Thailand’s military rulers said Tuesday they were monitoring the new form of opposition to the May 22 coup. Reporters witnessed the phenomenon and individuals were captured on film making the raised-arm salute.
“Raising three fingers has become a symbol in calling for fundamental political rights,” said anti-coup activist Sombat Boonngam-anong on his Facebook page. He called on people to raise “3 fingers, 3 times a day” — at 9 a.m., 1 p.m. and 5 p.m. — in safe public places where no police or military are present.
Since staging its bloodless coup, the military has prohibited political gatherings of more than five people and tried to enforce a ban on criticism of the coup by closing politically affiliated television stations and blocking hundreds of websites.
On Sunday, authorities deployed nearly 6,000 soldiers and police in Bangkok to prevent planned protests against the coup.

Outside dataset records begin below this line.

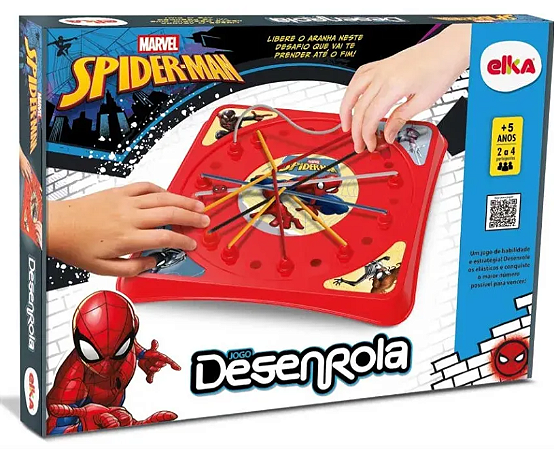 Jogo de Tabuleiro Desenrola Spider-Man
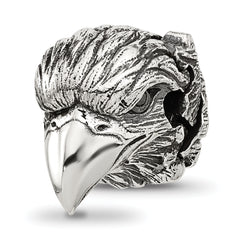 Sterling Silver Reflections Antiqued Eagle Hinged Bead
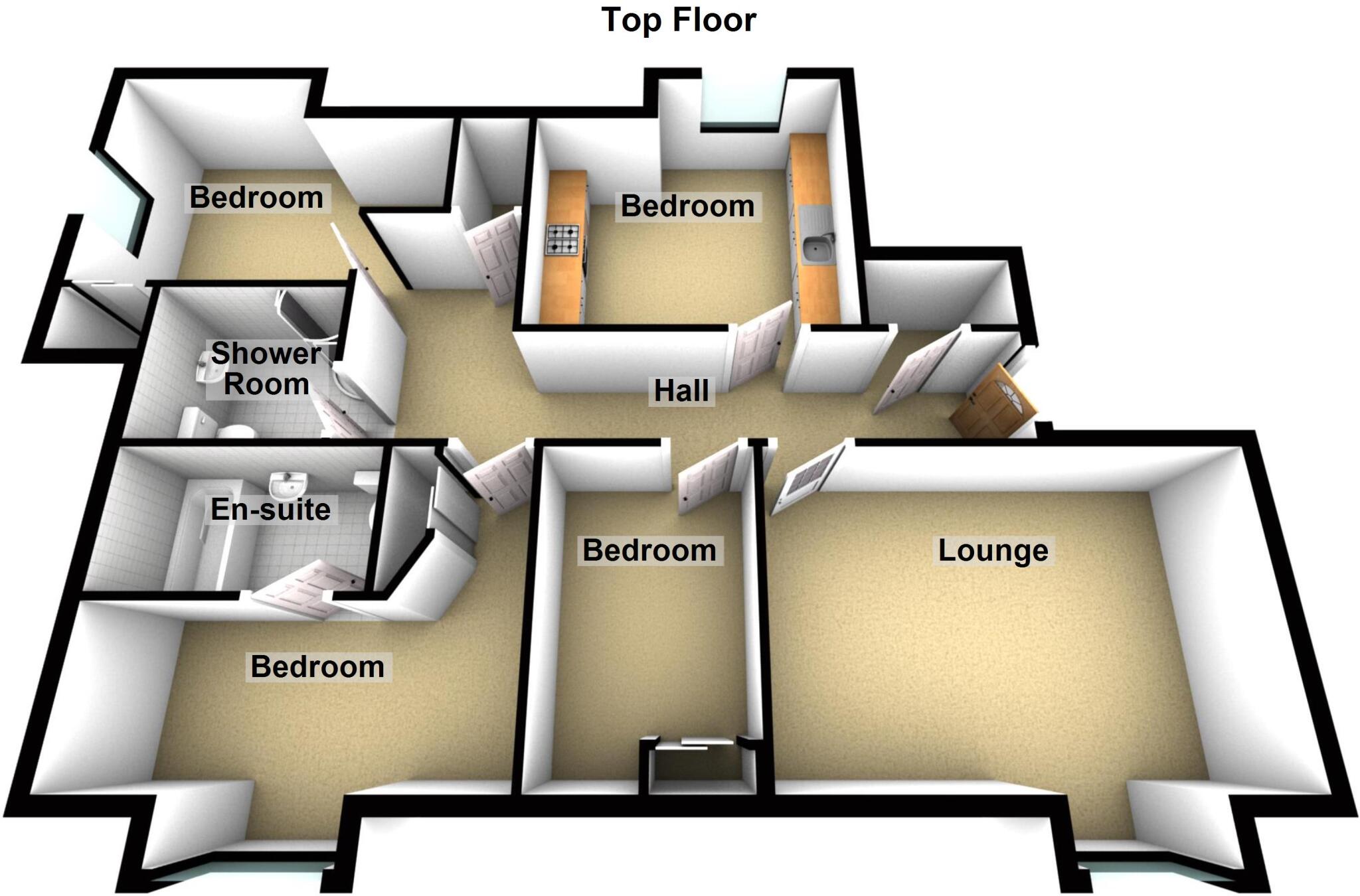 Flat 3, Glenburn House, 6 James Square floorplan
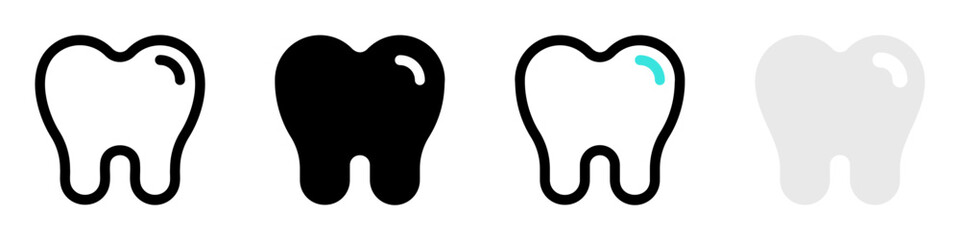 Editable molar, premolar, tooth vector icon. Dentistry, healthcare, medical. Part of a big icon set family. Perfect for web and app interfaces, presentations, infographics, etc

Amid the heavy security, small flash mobs appeared in a central shopping district where the salute was unveiled for the first time.
"At this point we are monitoring the movement," said Colonel Weerachon Sukhondhapatipak, a spokesman for the ruling junta.
"If it is an obvious form of resistance, then we have to control it so it doesn't cause any disorder in the country. We know it comes from the movie, and let’s say it represents resistance against the authorities.
“If a single individual raises three fingers in the air, we are not going to arrest him or her,” he said. “But if it is a political gathering of five people or more, then we will have to take some action.”
In “The Hunger Games” movie series and book trilogy, the salute symbolizes rebellion against totalitarian rule, signifying thanks, admiration and goodbye to a loved one. But Thai protesters gave varying explanations. Some cited the French Revolution’s trinity of values: liberty, equality, fraternity. Others said it means freedom, election and democracy.
A photo montage circulating online paired a picture from “The Hunger Games” with a graphic of three fingers labeled, 1. No Coup, 2. Liberty, 3. Democracy.
While the strife-imitating-art nature of the phenomenon is extraordinary, it’s not unprecedented. Other examples of pop culture symbols being used to express political sentiments include Occupy protesters wearing the Guy Fawkes mask from the “V for Vendetta” movie.
The practice of tying a yellow ribbon as a symbol of support for hostages, missing soldiers or prisoners was popularized in part by the song “Tie a Yellow Ribbon Round the Ole Oak Tree” that topped the charts in 1973.
Human Rights Watch’s Asia director Brad Adams decried the junta’s threat against the peaceful salute, saying that the “Thai military’s assault on basic human rights has apparently grown to not only target peaceful protesters, but now also silent ones as well — since now just holding up an arm with a three-finger salute is enough to earn the junta’s ire.”